Take the recent furore over Israel Dagg referring to one of his rugby-playing counterparts as a ‘fag’. This is low-grade offending as far as rugby players are concerned, but still there was much advice offered as to how All Blacks should behave. “They need to recognise the responsibility they have as leaders in New Zealand society and the influence they have on a whole generation, not just young people, but they represent all New Zealanders now,” decreed new National MP Louisa Wall.
Now, rugby culture might have improved slightly, but you still don’t have to delve too deeply to find blisteringly foul language, sexual misconduct, rampant drunkenness and violence. I’d suggest we ignore Louisa and not use them as leaders and role models for our nation. Let’s just appreciate their athleticism on the rugby field and accept that they are otherwise quite plausibly boofheads.
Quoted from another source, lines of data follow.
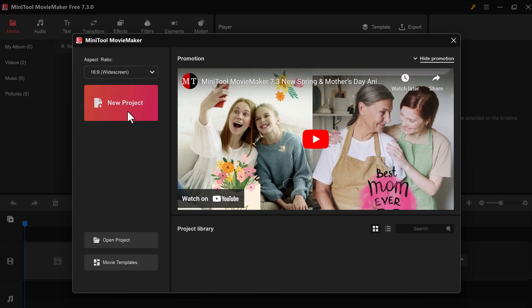New Project is your blank canvas, perfect for starting a video from scratch. And if you've already started a project and saved it, you can use this option to pick it back up.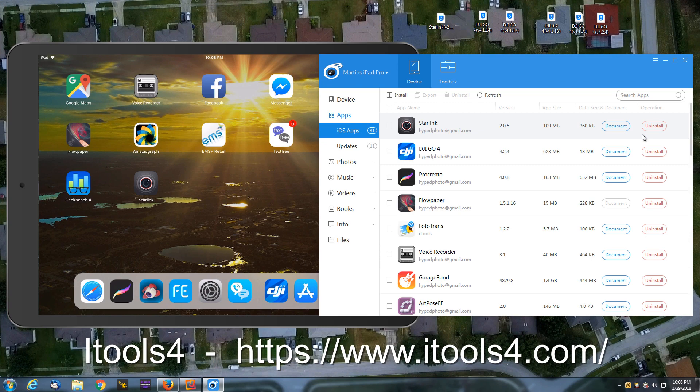You can even do these screencasts where you can show your iPad's tablet on your computer to do screencasts. So hope you enjoy it.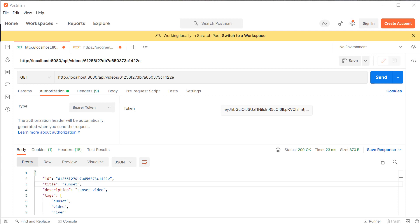That's it for this video. In the next video, we're going to see how to communicate between our Angular application and our Spring Boot application using the token-based authentication mechanism. After that, we'll continue building out the rest of the features. See you in the next video — happy coding, techies!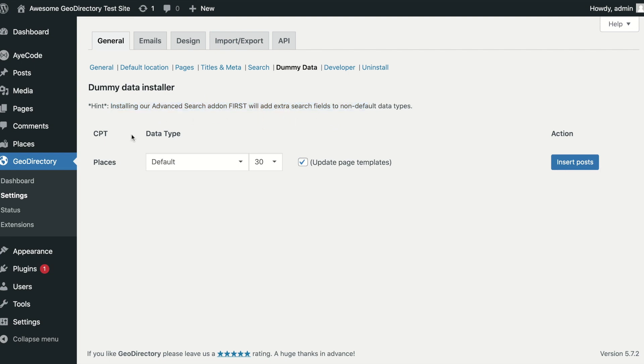CPT stands for Custom Post Types. If you have our events plugin or our paid custom post types manager installed, then you will be able to add dummy data individually to each one.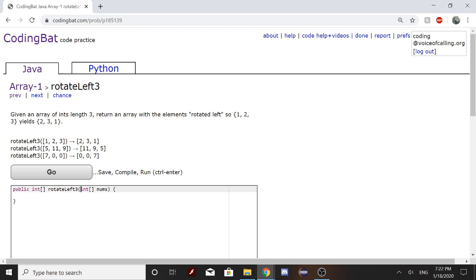In order to solve this problem, first what we would do is create another int. You can name it whatever you want. In this case it's named int a.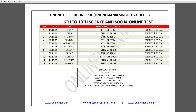We will update the 6th to 10th Science and Social Science. This test series has completed one year. In the last month, you will be able to use a book in your hand. If you complete the test series, you will be able to use the test book in your hand.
Politicians are only slightly better, probably due only to the onset of maturity. Their recent misdemeanours are not hard to recall – drunkenness, fraud, speeding, drunk driving, false expense claims, misappropriation of funds … you name it.
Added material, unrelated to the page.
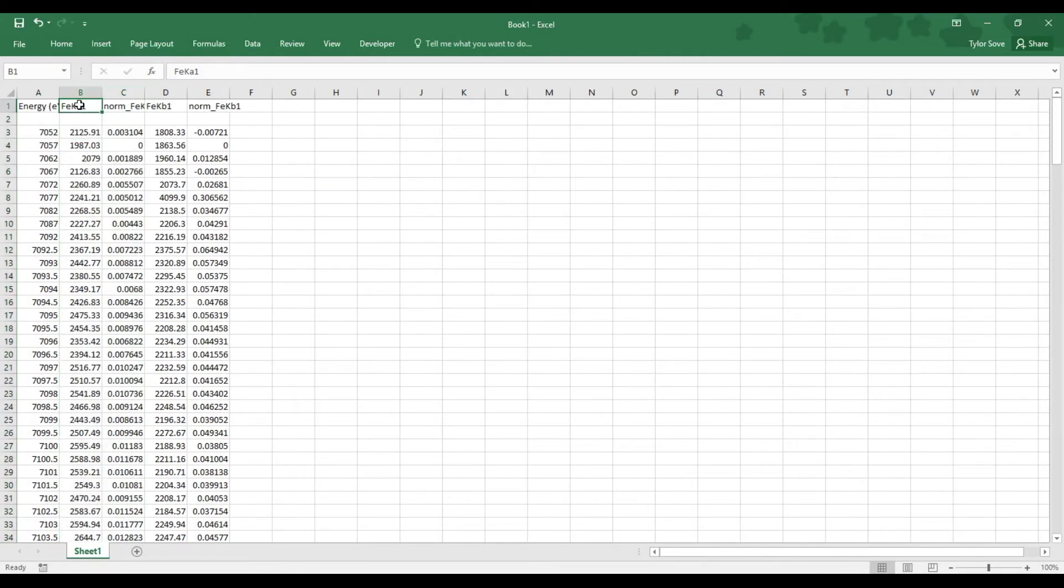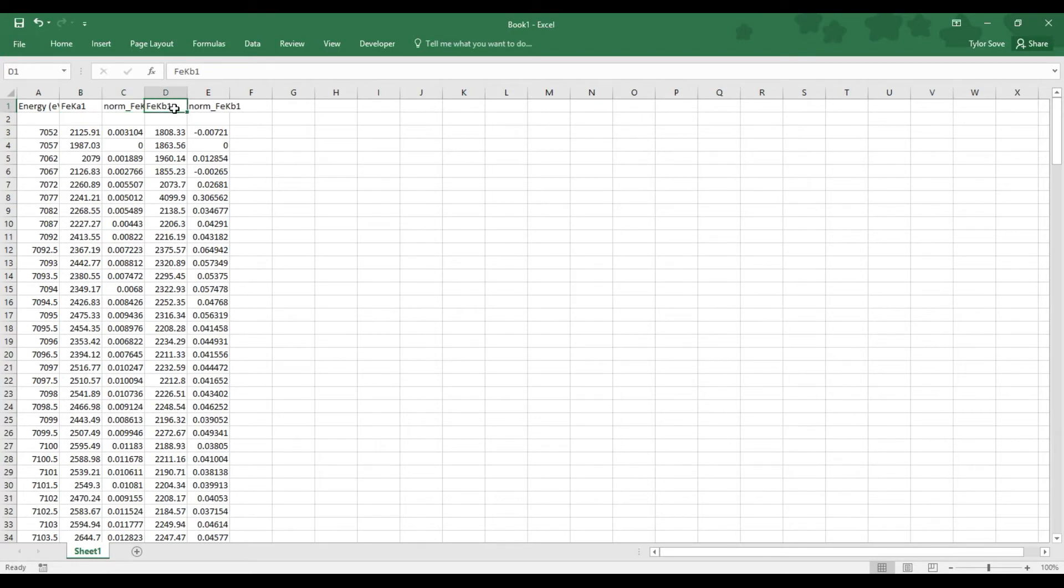Now what we're left with are the Fluorescent Mode XANES. And for this example, I have Iron K-alpha, Normalized Iron K-alpha, Iron K-beta, and Normalized Iron K-beta.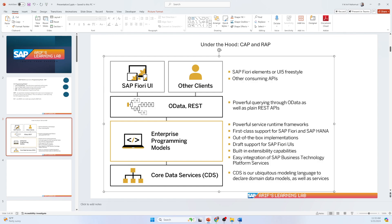After that, there is the OData service and REST layer. This is the middle layer that exposes services and data models as APIs. This layer provides powerful capabilities through OData and REST APIs, and it acts as a bridge between back-end services and front-end clients and other Fiori applications.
Of course all these ‘heroes’ quite like the adulation and, realising they’re really no better than the rest of us, don monkey suits that border on ridiculous. The latest pope has been a revelation in ditching the pompous papal garb for the simple white cassock. I just wish our mayors would do the same and forego the cat fur and mayoral chains nonsense.
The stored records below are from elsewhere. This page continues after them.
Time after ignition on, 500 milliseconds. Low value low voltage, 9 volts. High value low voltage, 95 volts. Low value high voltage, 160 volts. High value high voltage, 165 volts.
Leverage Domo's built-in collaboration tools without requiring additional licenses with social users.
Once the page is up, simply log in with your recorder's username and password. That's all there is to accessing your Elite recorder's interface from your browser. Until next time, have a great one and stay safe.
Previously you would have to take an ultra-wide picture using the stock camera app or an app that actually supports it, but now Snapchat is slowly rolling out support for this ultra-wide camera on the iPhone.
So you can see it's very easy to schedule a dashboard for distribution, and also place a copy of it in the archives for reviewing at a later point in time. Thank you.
My point is simply that politicians are no better or wiser than most other professions. They are no different to you and I, even if they often look and sound better. They have hairy thighs, dandruff and troublesome haemorrhoids. In fact next time you are greeted with the warm handshake and salesman smile of a politician, think ‘haemorrhoids’ … it will help you keep things in perspective.
We must all work hard to conquer our desire for hero worship.
Mankind’s second delusion is that, if governments would only do their job properly, we’d live in a veritable utopia – a great education system, wonderful healthcare, low unemployment, low crime, all owning our own homes and a nil death toll on the roads. Politicians are sincere in their part of the folly and are forever telling us a good deal of this is possible, with them in power, with a few minor tweaks and a lot of patience. For generations this mutual folly has led to great euphoria as a new champion is elected to power … and then disappointment as they fail to deliver.
With a few rare exceptions governments cannot fix the problems of the world. Get on as best you can without them and don’t waste too much time lobbying them.
One of the worst culprits here are Mäori. Sure they have some fair complaints, but Mäori have appeared at the wrong end of the health, education, crime and wealth statistics since statistics began, and government initiatives have made no progress on these matters. And they’re not going to. Ever. The smartest Mäori have realised that and made a fist of things on their own.
A government solution should never be Plan A (but politicians so want to be Plan A). If there are any problems in life, people foolishly cry to government to fix them.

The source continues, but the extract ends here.